I mentioned in a post earlier this year that I was planning on running Crow Pass Crossing, the 24(ish?)-mile backcountry trail race, which takes place July 26th this year.  I have since decided it’s probably not in my best interest to run it this year, and will be saving up my registration fee for 2015.  That decision, however, didn’t prevent me from jumping on the opportunity to preview the course this past Sunday, June 29th.  I joined two other runners, Evan and Michelle, both of whom plan to race next month, for a casual hike/jog of the trail.

“Casual” is a funny term to use describing the trek.  For the actual race, runners are required to carry a substantial list of required gear to be prepared for anything.  The weather can change suddenly and extremely, and there are additional dangers, since it is, after all, the Alaskan backcountry.  Bears, moose, steep drop-offs, glacial rivers, snowfields, cow parsnip.  Then there are the logistics of just coordinating the point-to-point expedition.  Driving from trailhead to trailhead is 50 miles, so it’s either the 150 mile routine of driving two cars to the end point, carpooling to the start, completing the trail, and then driving back to the start to pick up the other car, or finding someone nice enough to chauffeur to the start and from the finish.  Adding in childcare needs, and an acute knowledge of being undertrained for such a feat, and I nearly backed out all together.

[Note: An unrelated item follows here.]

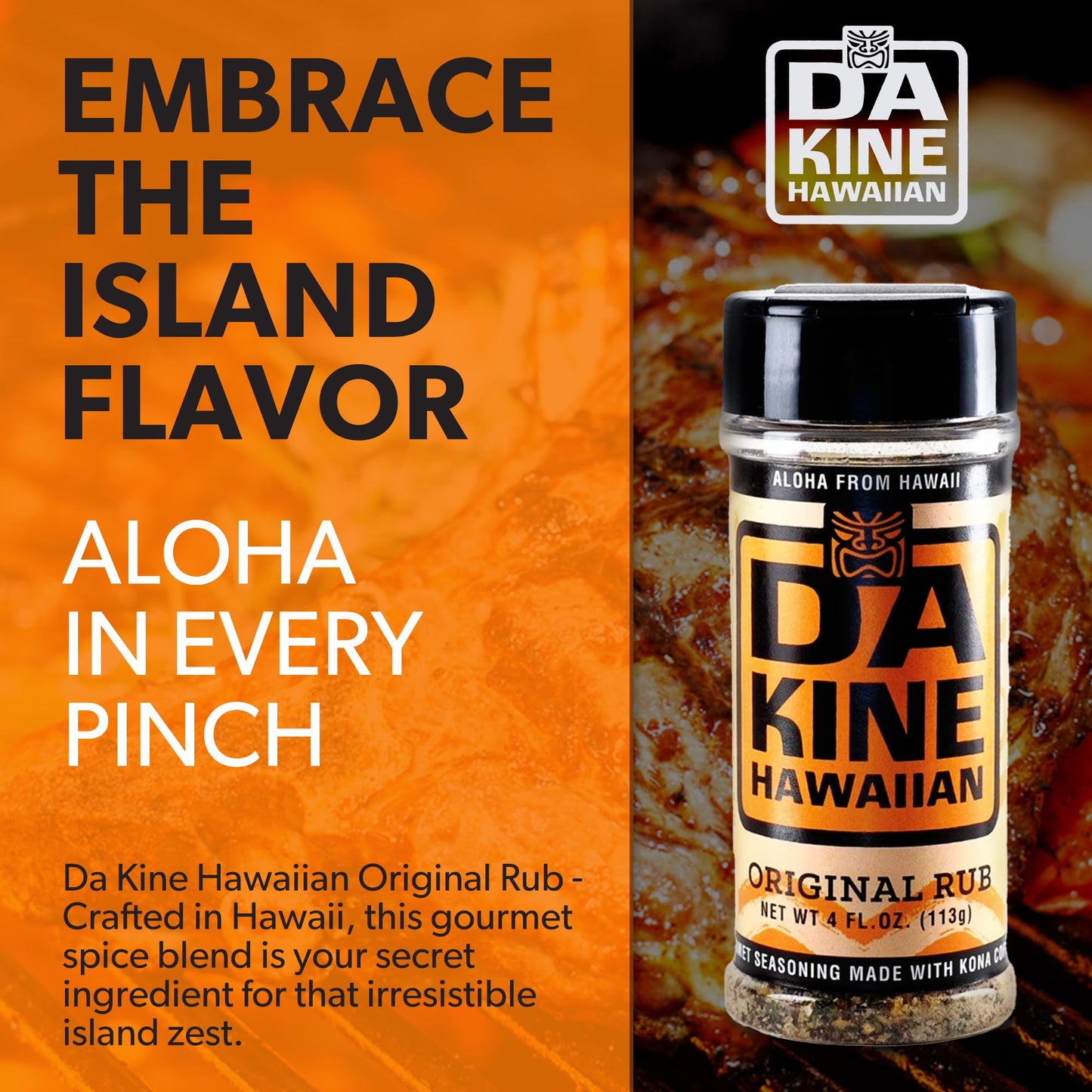 Da Kine Hawaiian BBQ Dry Rub Seasoning - Gluten-Free, Low Sodium, Original Flavor, 4 oz (3 Pack) - Red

Luckily, the stars aligned in more ways than one, and due to having some very generous and kind people in my life and community, taking on the trail made sense.  To prepare, I assembled a modest collection of gear.  All week, the weather forecast predicted rain for Sunday.  Because of the elevation change, rain in lower areas may be blizzards up above, so in addition to my standard running layers, I stuffed a wool shirt, rain shell, running tights, extra socks and gloves in my hydration pack.  I made some date and coconut butter bars (recipes appearing here), filled my 2L bladder, and called it good.  Well, except for the revolver.  It is Alaska after all.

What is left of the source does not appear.